The material below is to be copied exactly from the line with "Elisabeth Fredriksson Soft" up to and including the line with "Wandelstok met ijsdop", with nothing else kept and no pictures.

Segment Start: Excerpted records

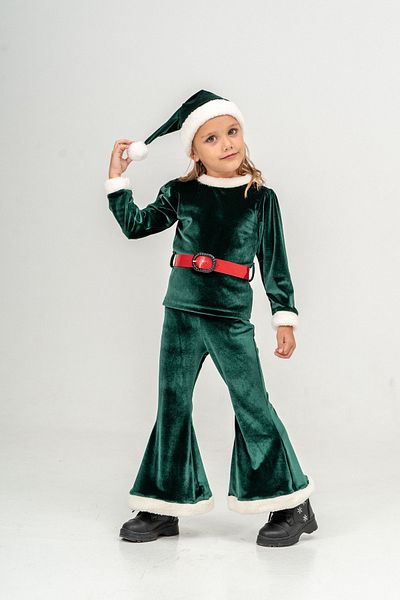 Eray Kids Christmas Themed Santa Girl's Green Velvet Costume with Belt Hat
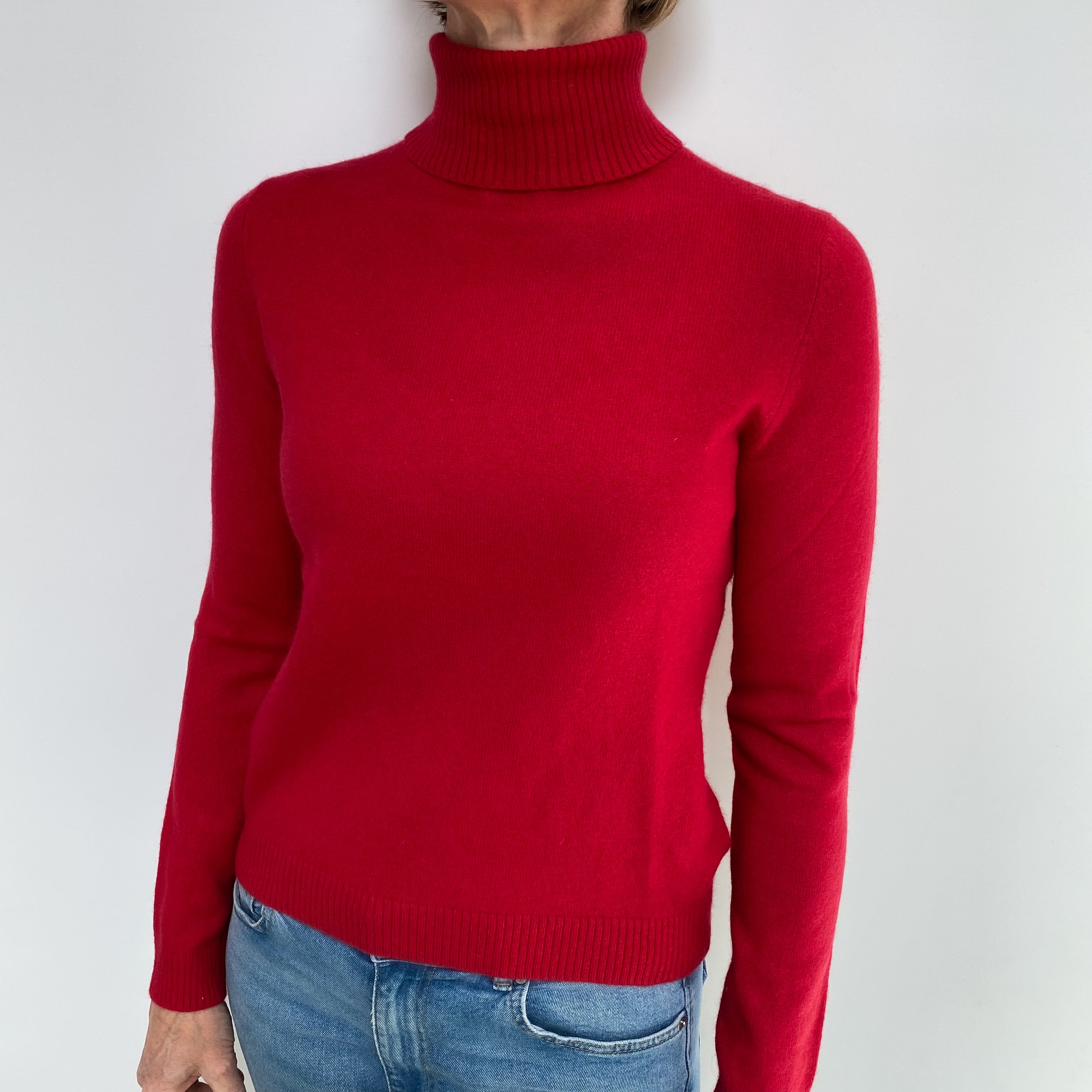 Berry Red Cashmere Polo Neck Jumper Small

Segment End: Excerpted records
Segment Start: Excerpted records

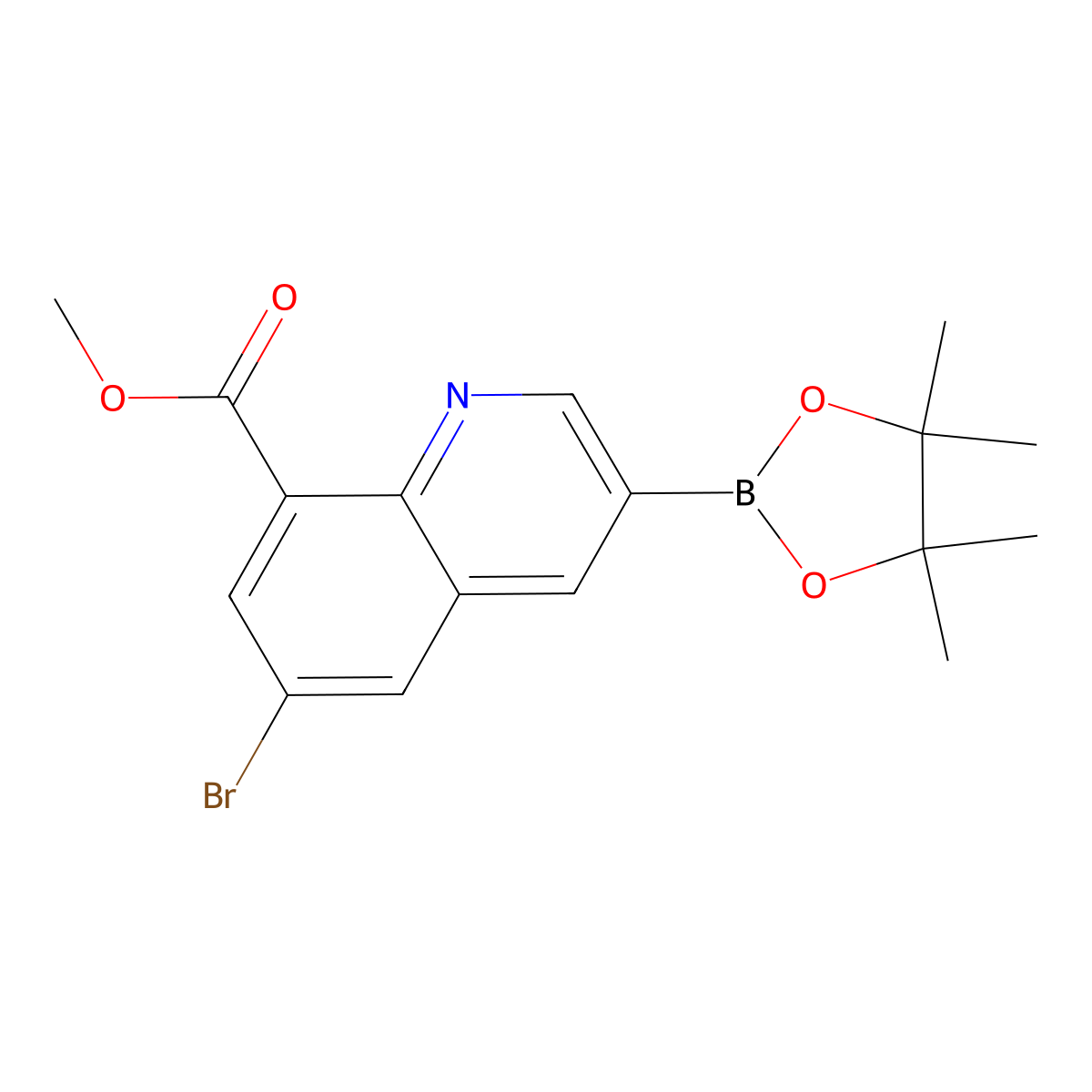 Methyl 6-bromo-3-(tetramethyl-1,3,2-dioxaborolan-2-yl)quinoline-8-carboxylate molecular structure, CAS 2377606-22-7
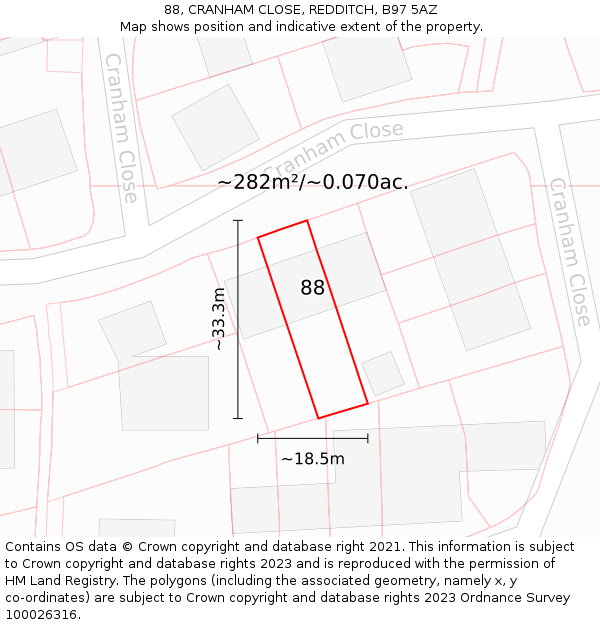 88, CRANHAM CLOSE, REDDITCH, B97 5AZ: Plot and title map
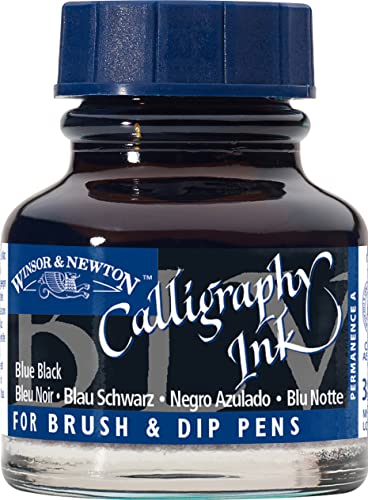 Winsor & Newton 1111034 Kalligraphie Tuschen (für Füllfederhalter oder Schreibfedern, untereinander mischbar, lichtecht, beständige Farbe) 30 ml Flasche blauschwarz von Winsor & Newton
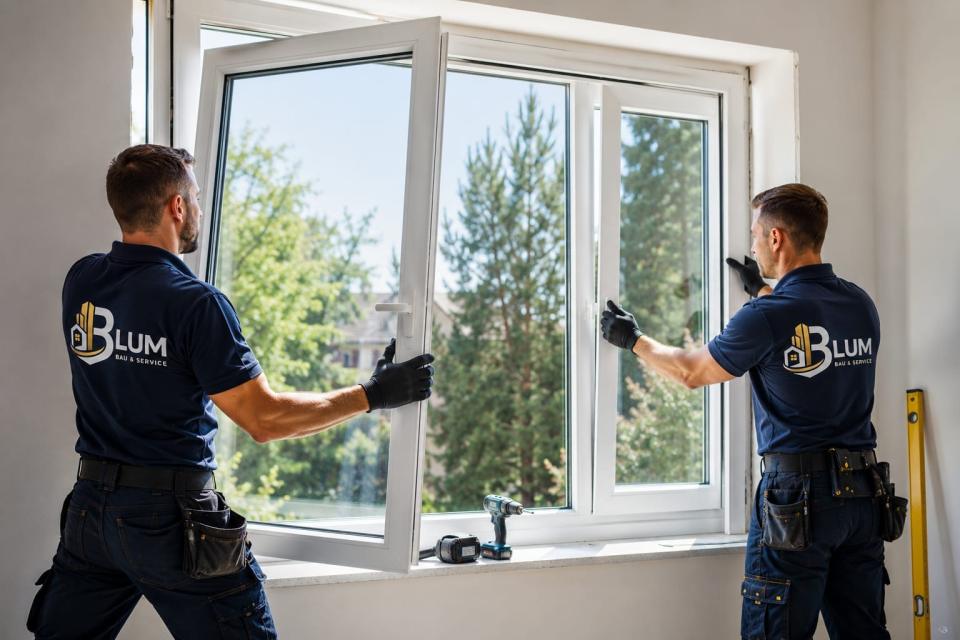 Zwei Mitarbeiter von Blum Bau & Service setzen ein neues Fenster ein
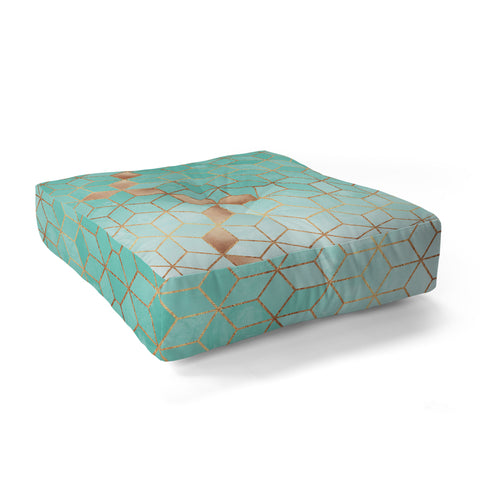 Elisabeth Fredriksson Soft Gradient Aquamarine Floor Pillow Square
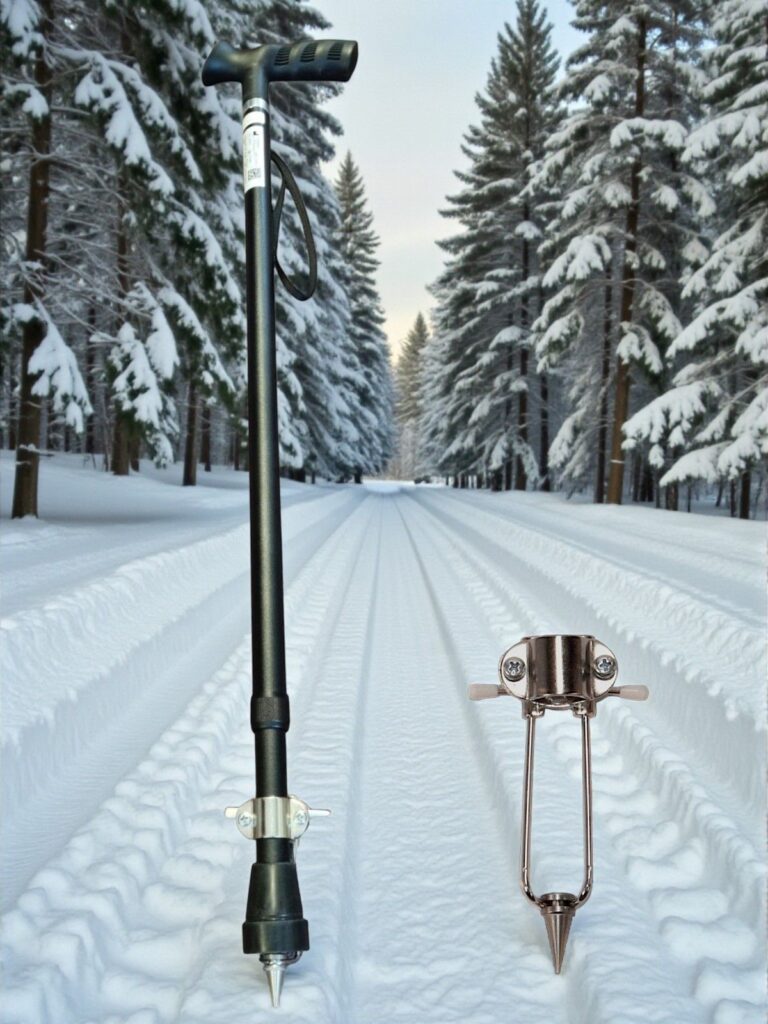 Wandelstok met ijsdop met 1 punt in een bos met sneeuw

Segment End: Excerpted records
Segment Start: Excerpted records

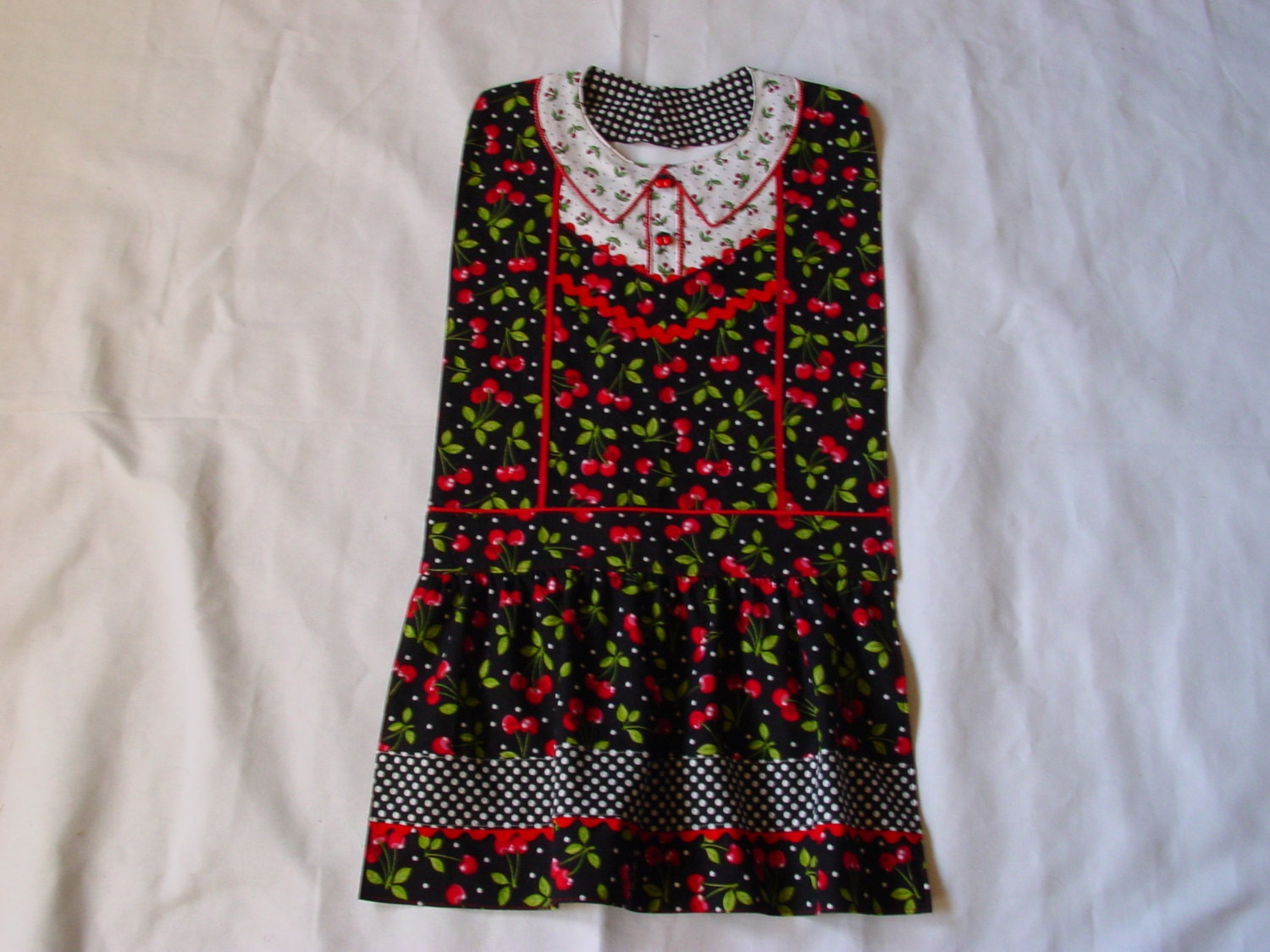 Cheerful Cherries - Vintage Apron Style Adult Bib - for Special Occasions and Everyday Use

Segment End: Excerpted records

• [Answer box]:
 Elisabeth Fredriksson Soft Gradient Aquamarine Floor Pillow Square
 Wandelstok met ijsdop met 1 punt in een bos met sneeuw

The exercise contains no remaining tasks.